Challenges Small Business Owners Face in Acquiring Loans

Small businesses play a vital role in driving economic growth and innovation. They are the backbone of local communities, providing employment opportunities and catering to the diverse needs of consumers. However, amidst the challenges and uncertainties of the modern financial world, accessing the necessary capital to start, expand, or sustain a small business has become increasingly difficult.

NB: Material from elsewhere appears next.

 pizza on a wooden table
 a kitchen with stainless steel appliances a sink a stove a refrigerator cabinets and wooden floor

In addition, traditional lending institutions, such as banks, have tightened their lending criteria, imposing stricter requirements and scrutinizing applications more closely. According to Reuters, as of June 2023, the approval rate of small business loans was only 18.8% from small banks and 13.4% from large banks. But why are banks not willing to lend money to small businesses? This article will shed light on why it is getting harder for small businesses to secure loans from banks and the steps small business owners can take to secure financing.

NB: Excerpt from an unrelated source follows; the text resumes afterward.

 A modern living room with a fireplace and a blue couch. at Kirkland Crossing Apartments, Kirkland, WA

Why Is It Getting Harder for Small Businesses to Secure Loans?

Securing small business loans has become more challenging due to several reasons:

  • Stricter Lending Criteria: Traditional lending institutions like banks have tightened their lending criteria. This is in response to the global financial crisis and subsequent regulatory reforms. They now conduct more thorough assessments of loan applications, focusing on creditworthiness, business stability, and collateral requirements. Also, this increased scrutiny makes it harder for some small businesses to meet the stringent criteria and qualify for loans.
  • Economic Uncertainty: Uncertain economic conditions make lenders more cautious about extending loans to small businesses. These include market volatility and changing consumer preferences. Additionally, lenders may perceive higher risks in uncertain times, making them more conservative with their lending practices.
  • Limited Financial History: Small businesses, especially startups, often lack a robust financial history or a track record of profitability. This absence of substantial financial data makes it challenging for lenders to assess the business’s creditworthiness and repayment capacity, thereby reducing the likelihood of loan approval.
  • Collateral Requirements: Many lenders require collateral to secure small business loans. This can be a significant barrier for businesses without substantial assets. Lack of collateral or insufficient collateral value can also hinder loan approval or result in unfavorable loan terms.

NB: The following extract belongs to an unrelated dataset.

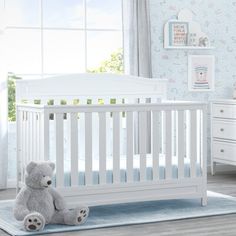 a baby crib with a teddy bear sitting on the floor in front of it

What Can Small Business Owners Do?

It may be increasingly difficult to obtain financing for your small business, but the money is still out there. With the right strategies, small business owners can increase their chances of securing funding.

Strengthen Personal and Business Credit

Maintaining a strong personal and business credit history is crucial. According to a Goldman Sachs Survey, 70% of small business owners confirmed that their personal credit was considered when they applied for a business loan. Moreover, a score above 700 increases one’s chance of securing financing and vice versa. Small business owners should focus on building and maintaining good credit scores. Pay bills on time, reduce outstanding debt, and manage credit responsibly.

Prepare a Solid Business Plan

Creating a comprehensive business plan that outlines the company’s objectives, market analysis, financial projections, and repayment strategies demonstrates professionalism and commitment to lenders. A good business plan typically needs to include a summary of your business, products or services offered, market, and financials.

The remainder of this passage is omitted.